- COLLECTED DATA
====
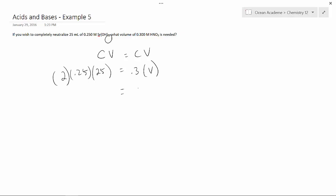Now, plugging this into our calculator, we find we have a volume of 41.7 milliliters.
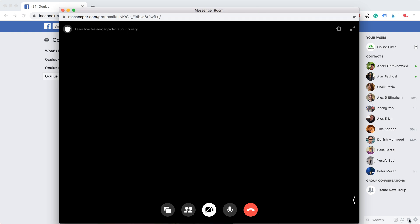So here on the right sidebar in Facebook you can start it by clicking this camera icon.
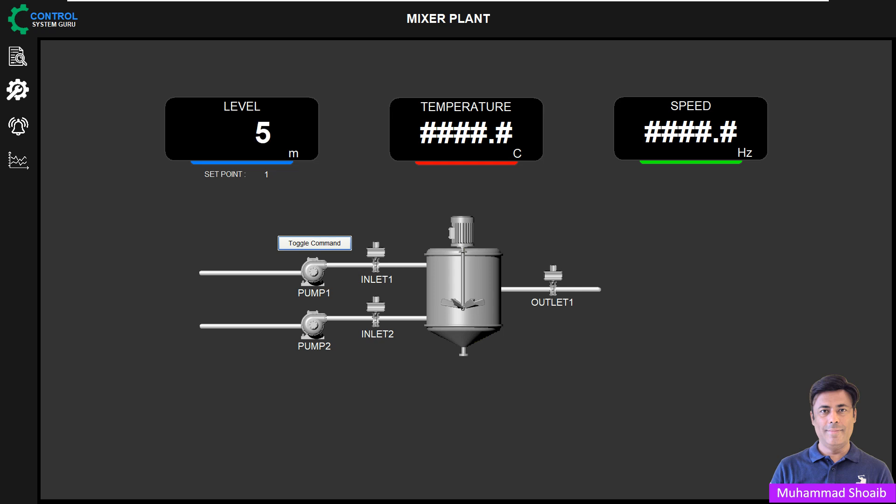In today's tutorial, we will learn how to configure a toggle button in Plant SCADA.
====
- REQUIRED ACTION
Copy the listing word for word, excluding its pictures.

- REPLY TO THE TASK
Now, plugging this into our calculator, we find we have a volume of 41.7 milliliters.
So here on the right sidebar in Facebook you can start it by clicking this camera icon.
In today's tutorial, we will learn how to configure a toggle button in Plant SCADA.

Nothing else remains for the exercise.